Though take-away crude capacity is ramping up, Magellan’s Mike Mears, chief executive officer, said during an earnings call in early May that he isn’t concerned about companies overdoing it. “I think if you look at the most recent production forecasts, five to eight years out … there’s not enough take-away capacity with projects being currently built,” he said.

“We don’t think the market is overbuilt. We think there’s potential for increased take-away capacity over time.”

Magellan spent $375 million to convert and reverse the Longhorn refined petroleum products pipeline that flowed from Houston to El Paso. The system now runs crude from the Permian Basin to Magellan’s terminal in East Houston. Mears says he expects full capacity of about 225,000 barrels per day to kick in during third-quarter 2013.

“The Longhorn pipeline is fully committed, but we have allocated 10% for spot shippers, which has been well-received by the market,” he says.

The company is considering expanding the pipeline’s capacity by another 50,000 barrels per day, to 275,000. “Speed of execution is imperative,” Mears says. “We expect to make a decision on this project within the next few months. For now, this project remains in our bucket of potential projects we are assessing that well exceed $500 million in total.”

By 2014, Permian production is expected to increase 6% to at least 1.37 million barrels per day. New capacity is vital to get that product to market. The most logical destination is the Houston area with its big complex of refineries and petrochemical plants, says Magellan spokesman Bruce Heine.

Magellan and Sunoco Logistics Partners LP are largely responsible for several pipelines set to come online later this year and in 2014. They feature reversals, expansions and new lines.

Sunoco has invested in improvements to reconfigure a number of existing pipelines extending from Wichita Falls, Texas, to Nederland, Texas. The Permian Express Pipeline enables crude at Wichita Falls and Ringgold, Texas, to push to a terminal in Nederland, east of Houston.

“With the use of pipe already in the ground, Permian Express Phase I offers West Texas producers and Gulf Coast refiners a fast and cost-efficient solution with tremendous operational flexibility,” says Michael J. Hennigan, Sunoco Logistics’ president and chief executive officer.

In May, Sunoco said it was conducting an open season for the Eaglebine Express pipeline, which would involve converting a portion of its existing refined products MagTex pipeline into crude service and reversing the flow of the pipeline from Hearne, Texas, to Nederland.

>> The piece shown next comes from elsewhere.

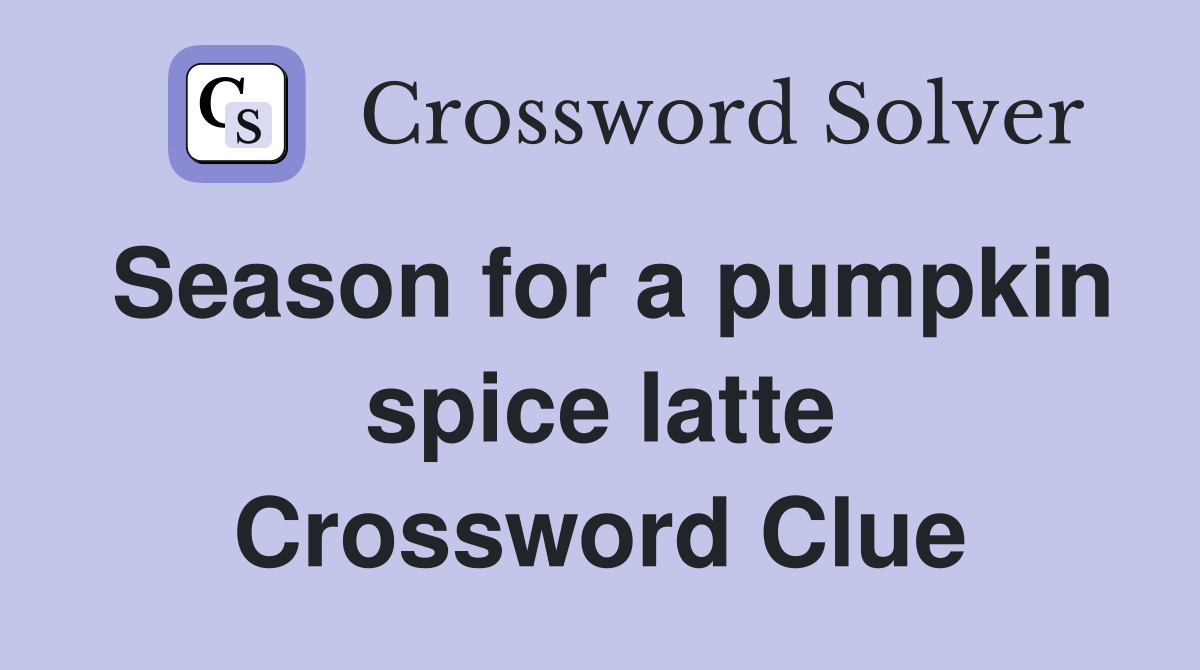 Season for a pumpkin spice latte Crossword Clue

In January 2013, Enterprise Products Partners LP and Enbridge Inc. completed a reversal of a 500-mile, 30-inch pipeline between the Cushing hub and Freeport, Texas. The Seaway Crude Pipeline previously moved oil imports from Gulf Coast to Midwest refiners; now it moves oil out of the Cushing bottleneck and into the Houston area. It can carry about 400,000 barrels per day of light and heavy crude oil.

These reversals, expansions, and new lines are freeing up outbound capacity at Cushing and will provide about 833,000 barrels per day of new capacity to the Gulf by 2014, according to the EIA.

The effect on oil prices

Already, increased coastal access is having an impact on oil prices. Early May saw the WTI-Brent spread fall to the lowest level since prices began to widen in January 2011, says Stefan Wieler, an analyst with Goldman Sachs.

“The main driver for this shift is the completion of several pipeline projects [Permian Express, Longhorn and West Texas Gulf Expansion] that now allow sending 0.2 million barrels per day of crude from the Permian Basin directly to the refineries in the Texas Gulf Coast rather than to Cushing,” Wieler says. “However, eventually the [U.S. Gulf Coast] will become saturated with light sweet crude.”

Many of these projects are headed to Houston, where pipeline and terminal capacity in the Houston refining center are increasingly constrained.

“When you factor in the growing Permian production and Eagle Ford and all the rest of it, it looks like Houston is really going to be swimming in oil,” NuStar’s Anastasio says. “That’s the advantage we have of having Corpus Christi as our focus of attention right now.” Corpus Christi is a secondary refining hub to Houston on the Gulf Coast.

Kinder Morgan’s Project Freedom Pipeline, a planned gas-to-oil pipeline conversion, would have run 740 miles from Midland, Texas, to California, at a cost of $2 billion. However, producer interest has been thin and the company announced in June it was postponing the project—and would pursue crude-by-rail options instead.

“Somebody has to sign up for the space,” Lindley says. “That’s the way we did KMCC. That’s the way we did Cochin. Kinder Morgan is not going to step out and do a $2-billion deal unless a producer or a refiner or a trading company or somebody that wants that space signs up for enough capacity to make that an economic project.”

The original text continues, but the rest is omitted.